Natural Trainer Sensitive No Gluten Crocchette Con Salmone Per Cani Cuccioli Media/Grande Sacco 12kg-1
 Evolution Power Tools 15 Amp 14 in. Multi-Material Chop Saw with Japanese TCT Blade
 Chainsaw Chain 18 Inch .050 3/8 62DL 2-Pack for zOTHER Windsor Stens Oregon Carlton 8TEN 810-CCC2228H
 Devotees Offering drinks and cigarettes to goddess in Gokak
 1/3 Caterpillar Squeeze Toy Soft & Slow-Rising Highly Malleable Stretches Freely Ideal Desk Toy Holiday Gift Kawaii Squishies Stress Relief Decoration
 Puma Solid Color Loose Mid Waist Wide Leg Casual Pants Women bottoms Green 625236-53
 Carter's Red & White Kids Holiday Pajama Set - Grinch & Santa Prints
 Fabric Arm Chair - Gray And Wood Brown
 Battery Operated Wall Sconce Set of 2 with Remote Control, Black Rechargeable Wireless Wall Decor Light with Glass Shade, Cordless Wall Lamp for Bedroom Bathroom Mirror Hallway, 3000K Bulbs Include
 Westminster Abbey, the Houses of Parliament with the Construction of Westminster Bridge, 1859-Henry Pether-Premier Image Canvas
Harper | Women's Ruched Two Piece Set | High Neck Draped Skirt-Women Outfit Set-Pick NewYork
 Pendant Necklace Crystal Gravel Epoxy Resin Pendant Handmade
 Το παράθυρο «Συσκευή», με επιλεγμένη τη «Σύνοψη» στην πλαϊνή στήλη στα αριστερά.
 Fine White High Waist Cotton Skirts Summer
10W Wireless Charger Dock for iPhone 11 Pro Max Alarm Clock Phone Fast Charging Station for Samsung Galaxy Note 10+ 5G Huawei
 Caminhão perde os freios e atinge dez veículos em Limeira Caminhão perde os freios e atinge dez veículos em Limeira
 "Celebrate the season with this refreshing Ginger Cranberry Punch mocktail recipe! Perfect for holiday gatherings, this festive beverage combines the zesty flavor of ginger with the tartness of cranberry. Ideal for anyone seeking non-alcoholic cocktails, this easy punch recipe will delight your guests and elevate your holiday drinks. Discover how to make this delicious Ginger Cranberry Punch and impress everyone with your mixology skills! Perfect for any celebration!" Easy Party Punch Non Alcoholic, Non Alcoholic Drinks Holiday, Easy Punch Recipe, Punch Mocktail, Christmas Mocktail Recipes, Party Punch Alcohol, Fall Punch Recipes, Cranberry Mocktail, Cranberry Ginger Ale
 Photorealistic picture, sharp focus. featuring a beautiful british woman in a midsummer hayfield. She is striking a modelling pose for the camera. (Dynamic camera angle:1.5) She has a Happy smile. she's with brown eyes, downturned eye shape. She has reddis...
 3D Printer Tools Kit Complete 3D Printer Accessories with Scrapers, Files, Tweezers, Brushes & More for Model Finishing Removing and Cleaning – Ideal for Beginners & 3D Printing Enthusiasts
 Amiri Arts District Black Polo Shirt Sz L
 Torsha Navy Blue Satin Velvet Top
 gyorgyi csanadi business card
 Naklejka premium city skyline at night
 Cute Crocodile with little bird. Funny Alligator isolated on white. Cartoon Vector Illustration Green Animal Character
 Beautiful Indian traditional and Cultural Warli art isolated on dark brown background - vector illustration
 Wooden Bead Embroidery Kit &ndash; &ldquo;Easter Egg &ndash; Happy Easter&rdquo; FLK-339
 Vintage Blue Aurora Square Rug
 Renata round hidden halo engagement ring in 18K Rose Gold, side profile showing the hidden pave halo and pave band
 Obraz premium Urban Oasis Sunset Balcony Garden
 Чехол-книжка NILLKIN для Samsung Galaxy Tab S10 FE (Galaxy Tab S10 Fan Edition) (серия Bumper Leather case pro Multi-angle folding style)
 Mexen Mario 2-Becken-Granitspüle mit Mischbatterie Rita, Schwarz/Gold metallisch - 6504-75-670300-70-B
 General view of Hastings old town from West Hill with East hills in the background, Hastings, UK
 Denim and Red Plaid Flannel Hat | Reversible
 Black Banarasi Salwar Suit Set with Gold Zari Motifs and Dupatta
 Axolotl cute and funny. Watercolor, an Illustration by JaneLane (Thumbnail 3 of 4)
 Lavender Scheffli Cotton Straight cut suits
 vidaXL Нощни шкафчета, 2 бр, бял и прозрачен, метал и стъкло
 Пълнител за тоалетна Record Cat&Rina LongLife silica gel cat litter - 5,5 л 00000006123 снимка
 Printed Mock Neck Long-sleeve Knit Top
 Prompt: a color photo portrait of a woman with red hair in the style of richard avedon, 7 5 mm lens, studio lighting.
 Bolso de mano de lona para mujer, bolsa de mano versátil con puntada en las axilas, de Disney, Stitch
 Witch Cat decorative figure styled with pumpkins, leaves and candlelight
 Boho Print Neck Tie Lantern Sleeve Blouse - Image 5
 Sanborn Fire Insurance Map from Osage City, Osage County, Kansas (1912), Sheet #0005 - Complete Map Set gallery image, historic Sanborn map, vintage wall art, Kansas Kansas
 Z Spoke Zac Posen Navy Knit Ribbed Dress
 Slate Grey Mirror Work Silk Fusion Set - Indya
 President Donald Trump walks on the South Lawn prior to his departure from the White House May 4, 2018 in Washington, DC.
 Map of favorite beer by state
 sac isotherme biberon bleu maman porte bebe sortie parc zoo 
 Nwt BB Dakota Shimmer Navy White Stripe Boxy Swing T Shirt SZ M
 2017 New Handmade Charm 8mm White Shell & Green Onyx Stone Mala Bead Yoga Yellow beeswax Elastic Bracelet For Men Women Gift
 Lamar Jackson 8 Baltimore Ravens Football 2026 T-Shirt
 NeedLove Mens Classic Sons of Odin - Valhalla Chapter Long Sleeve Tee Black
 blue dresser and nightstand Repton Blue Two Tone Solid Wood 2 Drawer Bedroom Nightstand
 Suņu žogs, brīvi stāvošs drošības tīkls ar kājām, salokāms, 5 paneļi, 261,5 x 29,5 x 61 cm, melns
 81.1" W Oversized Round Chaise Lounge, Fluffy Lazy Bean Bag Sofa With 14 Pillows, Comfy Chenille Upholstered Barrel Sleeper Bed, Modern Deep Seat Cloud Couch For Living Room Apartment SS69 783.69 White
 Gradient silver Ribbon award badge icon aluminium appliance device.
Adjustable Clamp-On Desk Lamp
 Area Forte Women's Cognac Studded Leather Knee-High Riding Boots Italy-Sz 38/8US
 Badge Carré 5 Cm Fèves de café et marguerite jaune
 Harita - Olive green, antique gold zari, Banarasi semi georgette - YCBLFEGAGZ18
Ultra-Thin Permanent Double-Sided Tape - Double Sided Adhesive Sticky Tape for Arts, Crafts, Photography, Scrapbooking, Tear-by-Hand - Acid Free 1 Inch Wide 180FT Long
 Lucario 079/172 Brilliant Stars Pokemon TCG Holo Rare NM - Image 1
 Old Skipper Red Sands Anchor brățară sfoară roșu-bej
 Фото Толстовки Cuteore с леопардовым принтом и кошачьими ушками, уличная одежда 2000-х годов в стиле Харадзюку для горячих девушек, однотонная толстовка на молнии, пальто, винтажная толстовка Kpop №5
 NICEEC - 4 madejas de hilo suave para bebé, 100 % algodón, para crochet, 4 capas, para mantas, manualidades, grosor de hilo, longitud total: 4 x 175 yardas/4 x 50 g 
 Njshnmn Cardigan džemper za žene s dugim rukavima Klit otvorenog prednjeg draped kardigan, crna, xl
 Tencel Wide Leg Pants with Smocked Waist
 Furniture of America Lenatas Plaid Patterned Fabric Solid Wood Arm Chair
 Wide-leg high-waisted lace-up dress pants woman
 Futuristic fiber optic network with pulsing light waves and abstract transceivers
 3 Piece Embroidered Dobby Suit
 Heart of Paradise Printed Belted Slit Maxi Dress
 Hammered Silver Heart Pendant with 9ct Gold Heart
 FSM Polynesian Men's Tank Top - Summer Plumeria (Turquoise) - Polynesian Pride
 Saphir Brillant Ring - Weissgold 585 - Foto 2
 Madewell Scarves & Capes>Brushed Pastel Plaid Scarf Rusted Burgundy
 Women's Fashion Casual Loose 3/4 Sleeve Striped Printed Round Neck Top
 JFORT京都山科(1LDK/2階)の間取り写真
▬▬▬
● Task to carry out
Where the material contains a line with "Tools", return that line.

● Result
 Evolution Power Tools 15 Amp 14 in. Multi-Material Chop Saw with Japanese TCT Blade
 3D Printer Tools Kit Complete 3D Printer Accessories with Scrapers, Files, Tweezers, Brushes & More for Model Finishing Removing and Cleaning – Ideal for Beginners & 3D Printing Enthusiasts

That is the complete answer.